FLOSSIES

The FLOSSIES sequencing project was inspired by the need for frequencies of genomic variants from appropriate controls for breast cancer genetics studies. Existing public databases are large but not stratified by gender or age. The FLOSSIES project includes allele frequencies of all classes of variants at known and candidate genes for breast cancer susceptibility among women who are cancer free and older than age 70. The participants are Fabulous Ladies Over Seventy. We hope this data will be useful as controls for breast cancer genetics studies by many groups.

Participants

Participants in this sequencing project are women who joined the Women’s Health Initiative (WHI) between 1993 and 2005. All participants were 50-79 years old and without any history of cancer at enrollment. More than 160,000 women enrolled in WHI, contributed DNA at enrollment, and have been followed ever since. From the WHI participants who are now older than age 70 years and have remained cancer-free, approximately 10,000 women were selected at random for this sequencing project: approximately 7,000 women who self-identified as European American and 3,000 women who identified as African American ancestry. Ancestries were estimated with more than 500 ancestry-informative markers.

Genes

Genes analyzed include established breast cancer genes, both high and moderate penetrance, and genes that have been suggested to predispose to breast cancer when mutant. Strength of evidence varies for these candidate genes. The genes are:

BRCA1, BRCA2, ATM, ATR, BAP1, BARD1, BRIP1, CDH1, CHEK1, CHEK2, CTNNA1, FAM175A, FANCM, GEN1, MRE11A, NBN, PALB2, PTEN, RAD51B, RAD51C, RAD51D, RECQL, RINT1, SLX4, STK11, TP53, XRCC2

For each gene, rare and common variants in coding regions, 5’UTR, 3’UTR, donor splice sites with 6 flanking bp, and acceptor splice sites with 20 flanking bp are included.

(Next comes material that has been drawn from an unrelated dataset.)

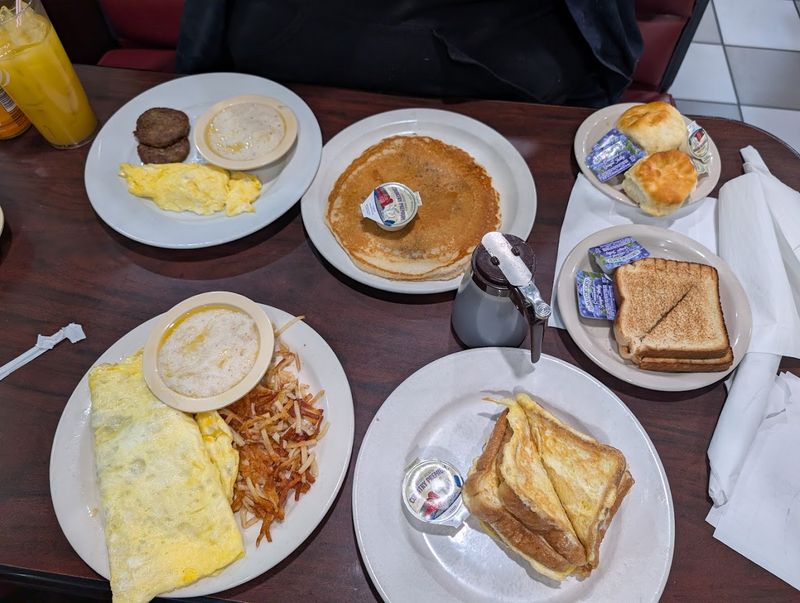 The Breakfast Plates That Keep Regulars Coming Back The Breakfast Plates That Keep Regulars Coming Back
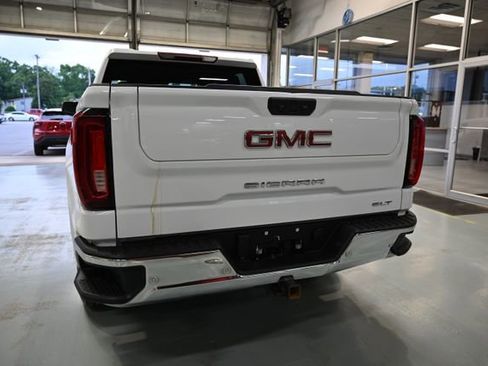 Used 2022 GMC Sierra 1500 SLT w/ SLT Convenience Package AWD/4WD image 5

Point mutations, small indels, and CNVs are included (although CNV calls are still being updated).

Sequencing

Sequencing was carried out in the King Lab at the University of Washington, Seattle, and by Color Genomics on an Illumina HiSeq with 2x100 bp paired-end reads (King Lab) or NextSeq with 2x150 bp paired-end reads (Color) using modified versions of the BROCA panel¹. Median coverage per sample was >250x.

Paired-end sequence reads were aligned to the human reference genome (hg19) using Burrows-Wheeler Aligner 0.7.9a. Removal of PCR duplicates, sorting, and indexing were carried out with SAMtools v0.1.19. Data was excluded for 3 samples with low coverage and 2 samples with low quality. For quality control, WHI included 105 duplicates and 20 triplicates, blinded to the sequencing teams. These duplicates and triplicates were all identified and removed.

Indel realignments and base quality score recalibration were based on with Genome Analysis Tool Kit (GATK v3.0) using recommended parameters. Variants were detected with GATK Unified Genotyper. Variants were included if variant fraction was at least 0.25. Copy number variants were identified using our read-depth-based in-house pipeline.

Ancestry

Ancestry of each sample was estimated using more than 500 ancestry-informative markers and principal components analysis², calibrating to genotypes from the Human Genome Diversity Project ³.

Each sample was assigned to the population with highest estimated likelihood of ancestry. Ancestry analysis yielded estimates of 7,325 women of European American ancestry and 2,559 women of African American ancestry.

Open source

This site uses a modified version of the open source ExAC Browser, developed by The Broad Institute (Konrad Karczewski, Daniel MacArthur, Brett Thomas, Ben Weisburd) and distributed under the MIT License.

REFERENCES

1. Walsh T, Lee MK, Casadei S, et al. Detection of inherited mutations for breast and ovarian cancer using genomic capture and massively parallel sequencing. Proc Natl Acad Sci USA. 2010;107(28):12629-33.
2. Wang C, Zhan X, Liang L, Abecasis GR, Lin X. Improved ancestry estimation for both genotyping and sequencing data using projection procrustes analysis and genotype imputation. Am J Hum Genet. 2015;96(6):926-37.
3. Li JZ, Absher DM, Tang H, et al. Worldwide human relationships inferred from genome-wide patterns of variation. Science. 2008;319(5866):1100-4.